A quick summer reading update:
I suspect that many of you would enjoy Richard C. Morais' The Hundred-Foot Journey which follows a young boy from bustling Mumbai to rural France (with a short stop in London) and thence to Paris. Not only does it offer the delights of armchair travel and entertaining characters, but it folds in the sensory pleasures of the culinary world as we follow the central character's climb to the top of the toughly critiqued Paris restaurant scene. My mouth watered as the pages described the lively, colourful, brilliantly spiced Indian food woven into a compelling multi-generational story of rags, riches, political violence, loss, and survival. And again, as the family adapts to life in rural France, a different set of foods seduced me as I visited the local markets with one or the other partner in a hilarious rivalry between old-school, xenophobic culinary French tradition and an upstart immigrant who hopes to transform the landscape with an injection from another continent.

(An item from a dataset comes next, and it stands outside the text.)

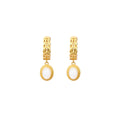 Real Gold Plated with Imitation Jade Egg Face Copper Coin Earrings for Women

Morais also includes some illuminating narrative commentary on the pressures restaurants face in these days of globalized capital, and he clearly reveals his biases against some of the labour code protections that seem to work against restaurant owners. Caught up in the narrative, entertained by its characters, engulfed in its ambiance, I couldn't help but be sympathetic to some of the argument, yet having family in the industry, I'm much more appreciative than Morais seems to be, in these pages, to the value of job protection, a decent wage, etc. In fact, reading this immediately after Eva Hornung's Dog Boy, I wondered how I could reconcile such different worldviews. . .
In the end, I suppose the way I manage is by not so much reconciling these different paradigms, but identifying the elements I'm not comfortable with and enjoying the rest of Morais' book. Is that a copout? Perhaps, but I will readily admit that I enjoyed the novel very much, and I suspect you will too. Let me know, will you?